[Caption-style text data]
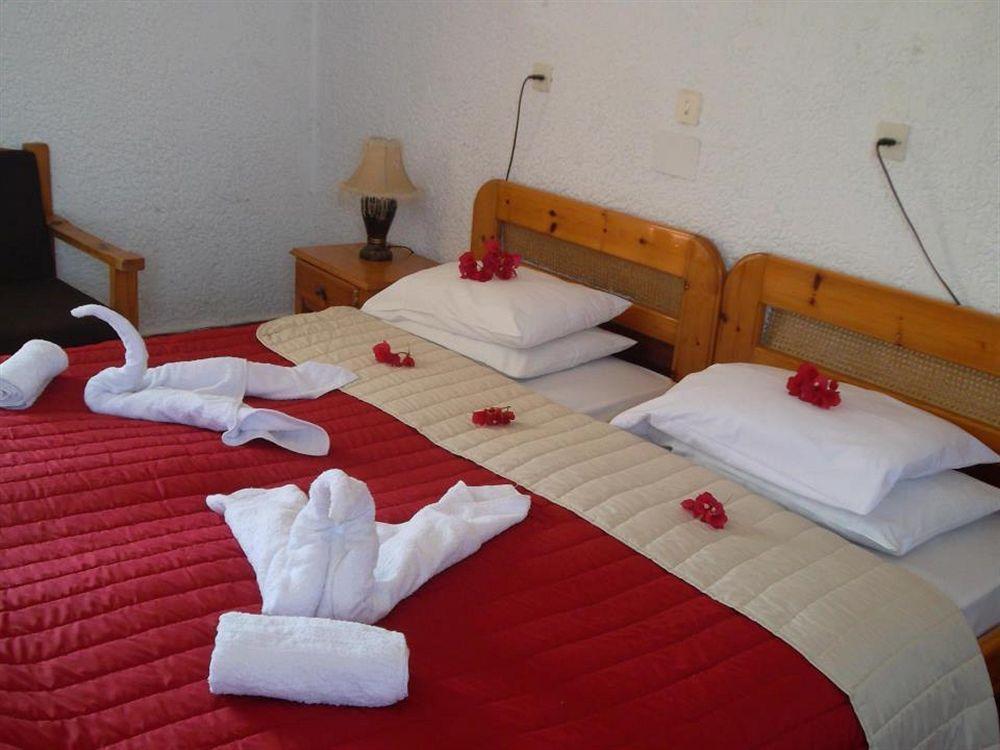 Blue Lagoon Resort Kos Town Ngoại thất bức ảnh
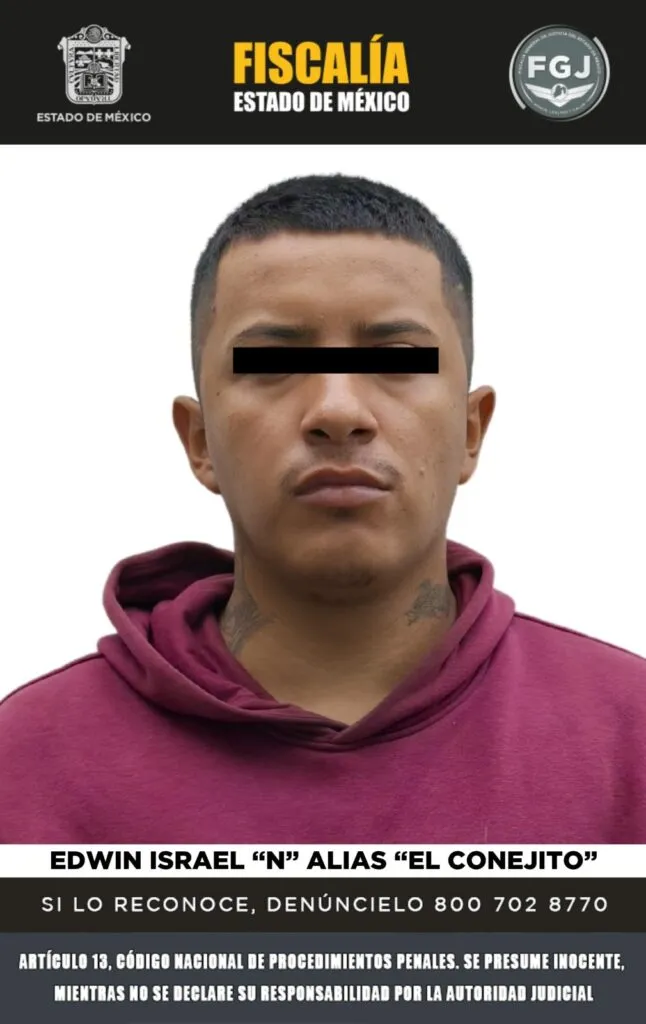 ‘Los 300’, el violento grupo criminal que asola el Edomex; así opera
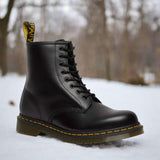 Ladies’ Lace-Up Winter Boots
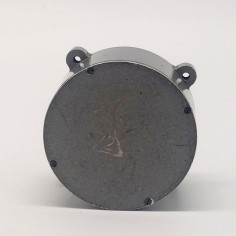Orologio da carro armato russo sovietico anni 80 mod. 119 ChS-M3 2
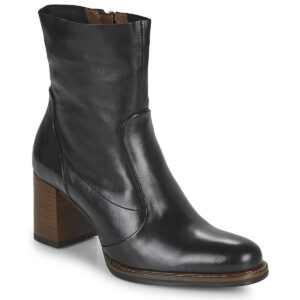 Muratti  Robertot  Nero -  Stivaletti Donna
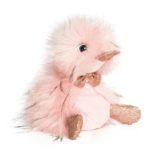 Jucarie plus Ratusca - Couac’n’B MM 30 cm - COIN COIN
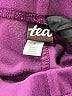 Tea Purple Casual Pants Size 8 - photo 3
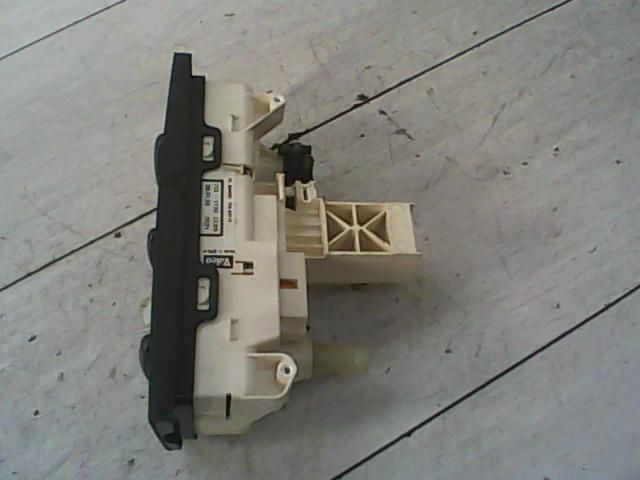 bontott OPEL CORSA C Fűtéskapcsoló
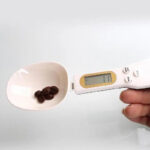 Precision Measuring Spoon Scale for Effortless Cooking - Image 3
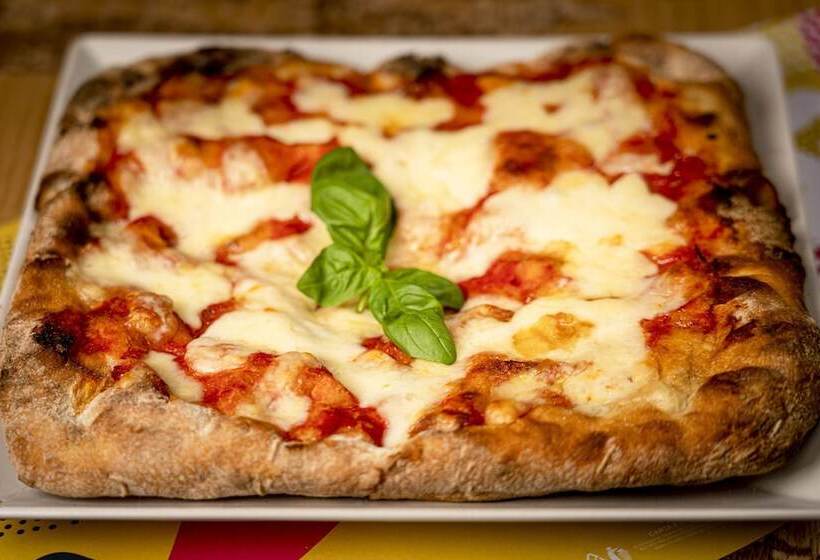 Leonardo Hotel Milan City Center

◆ WORK TO COMPLETE
Up to and including the line with "Precision Measuring Spoon", repeat every line from the top of the entries exactly, but not the pictures.

◆ EXERCISE SOLUTION
 Blue Lagoon Resort Kos Town Ngoại thất bức ảnh
 ‘Los 300’, el violento grupo criminal que asola el Edomex; así opera
 Ladies’ Lace-Up Winter Boots
Orologio da carro armato russo sovietico anni 80 mod. 119 ChS-M3 2
 Muratti  Robertot  Nero -  Stivaletti Donna
 Jucarie plus Ratusca - Couac’n’B MM 30 cm - COIN COIN
 Tea Purple Casual Pants Size 8 - photo 3
 bontott OPEL CORSA C Fűtéskapcsoló
 Precision Measuring Spoon Scale for Effortless Cooking - Image 3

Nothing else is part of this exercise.